== DATA SHOWN ==
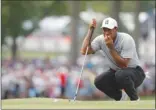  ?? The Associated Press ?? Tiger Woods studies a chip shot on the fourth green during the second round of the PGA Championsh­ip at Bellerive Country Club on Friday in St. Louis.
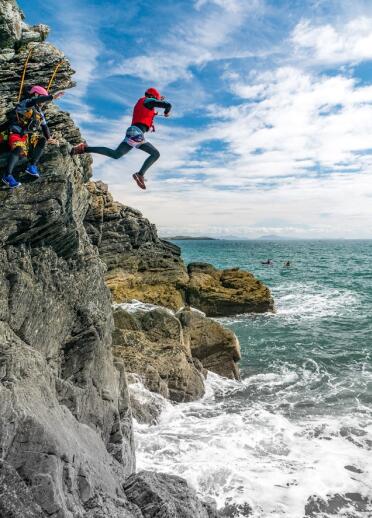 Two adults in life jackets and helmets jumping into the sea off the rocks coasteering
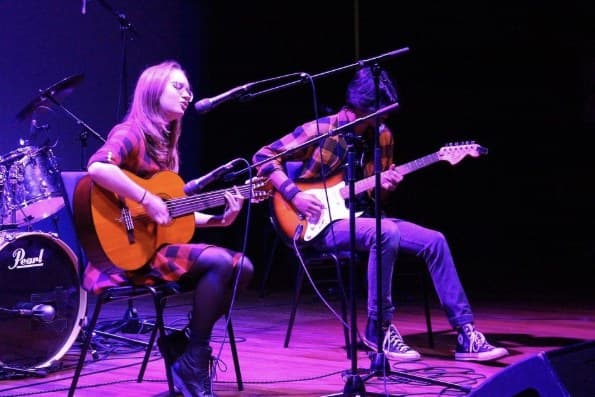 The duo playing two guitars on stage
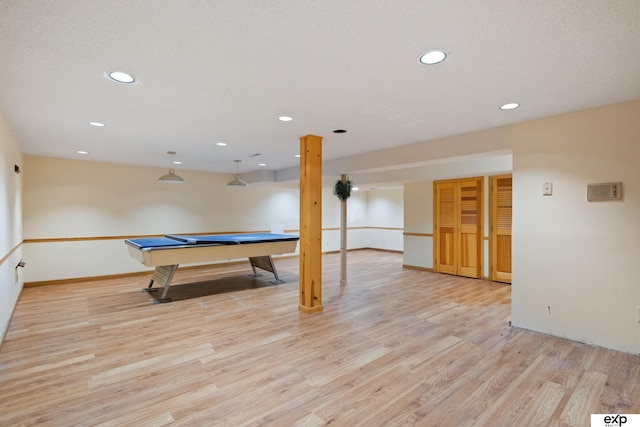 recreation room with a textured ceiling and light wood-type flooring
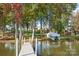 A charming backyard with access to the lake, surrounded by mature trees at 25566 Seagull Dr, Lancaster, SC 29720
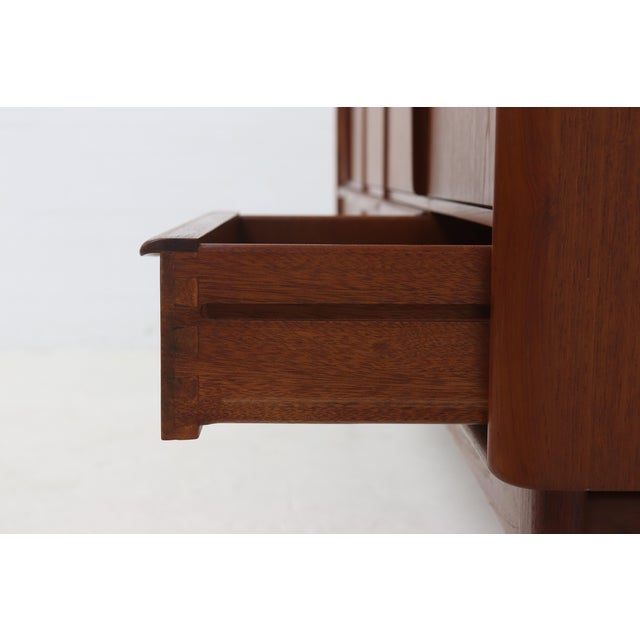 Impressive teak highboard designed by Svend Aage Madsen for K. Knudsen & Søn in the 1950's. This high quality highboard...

---

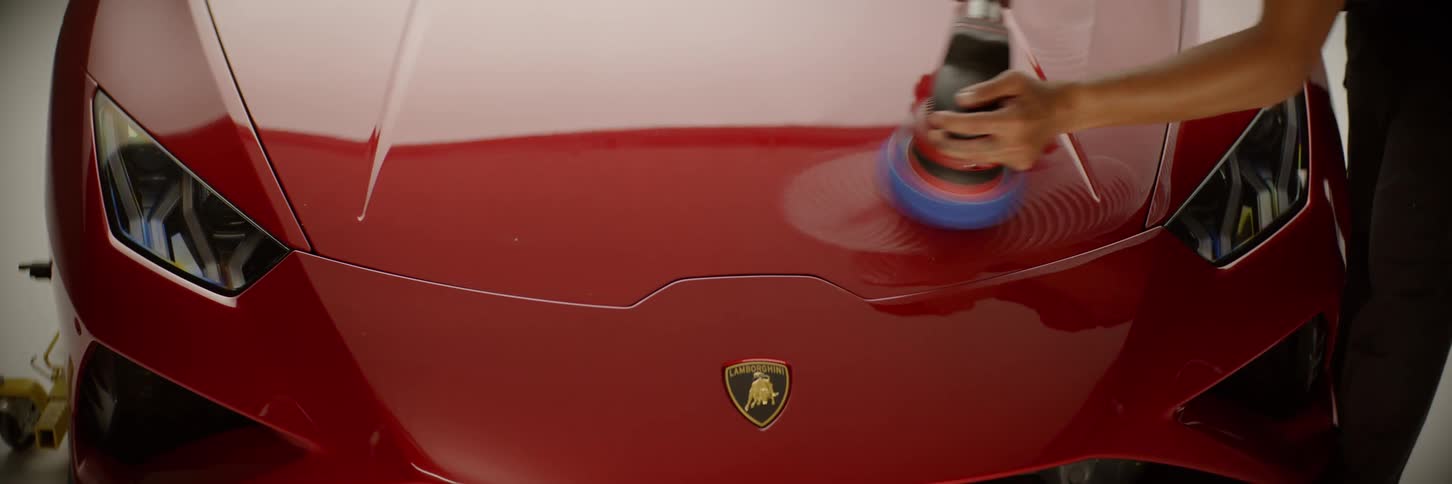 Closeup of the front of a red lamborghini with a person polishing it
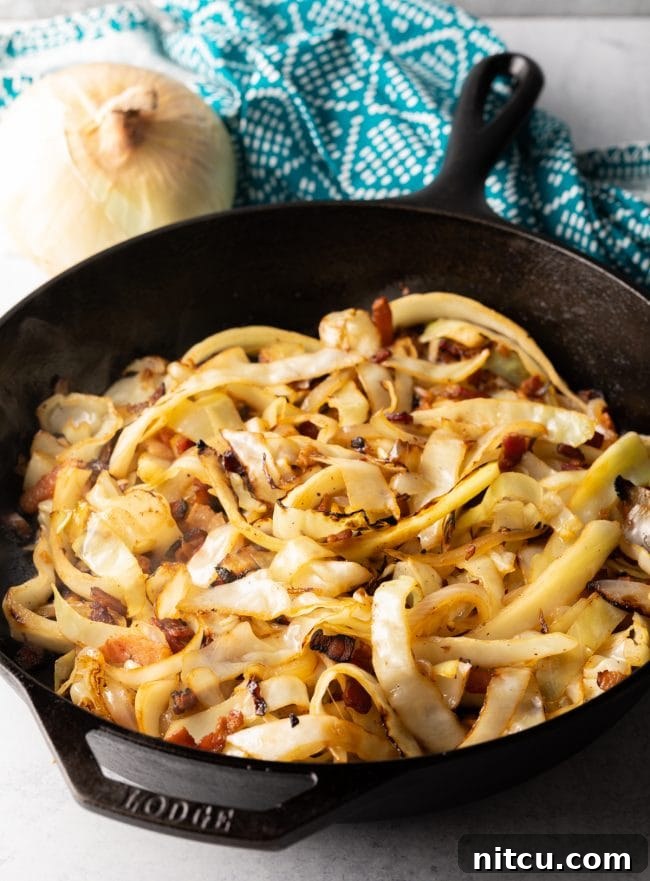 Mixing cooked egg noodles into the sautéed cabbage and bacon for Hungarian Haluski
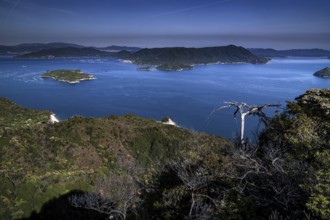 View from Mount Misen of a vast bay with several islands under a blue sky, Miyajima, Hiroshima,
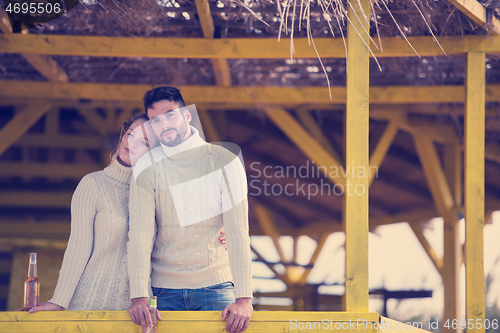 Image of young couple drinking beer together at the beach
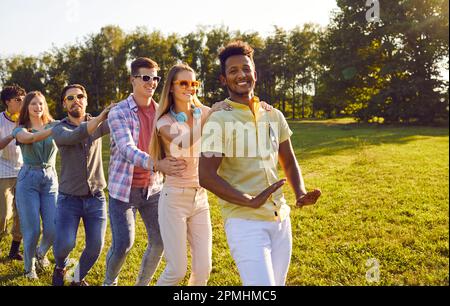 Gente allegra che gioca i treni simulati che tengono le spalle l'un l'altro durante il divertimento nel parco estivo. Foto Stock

...

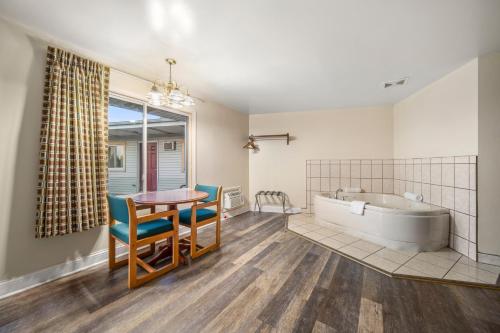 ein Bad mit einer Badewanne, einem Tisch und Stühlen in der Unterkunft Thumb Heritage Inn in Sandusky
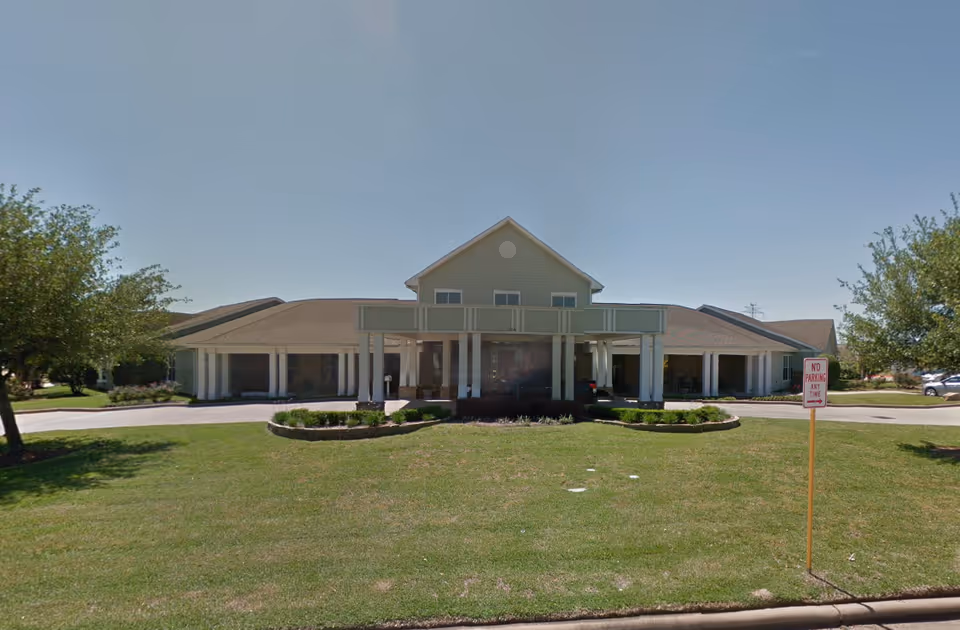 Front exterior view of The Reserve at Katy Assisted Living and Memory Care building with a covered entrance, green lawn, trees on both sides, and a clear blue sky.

== EXERCISE DIRECTIONS ==
Nothing but the lines from the one containing "Mixing cooked egg" through the one containing "Gente allegra che" should appear, copied exactly from the material above and without pictures.

== THE ANSWER ==
 Mixing cooked egg noodles into the sautéed cabbage and bacon for Hungarian Haluski
 View from Mount Misen of a vast bay with several islands under a blue sky, Miyajima, Hiroshima,
 Image of young couple drinking beer together at the beach
 Gente allegra che gioca i treni simulati che tengono le spalle l'un l'altro durante il divertimento nel parco estivo. Foto Stock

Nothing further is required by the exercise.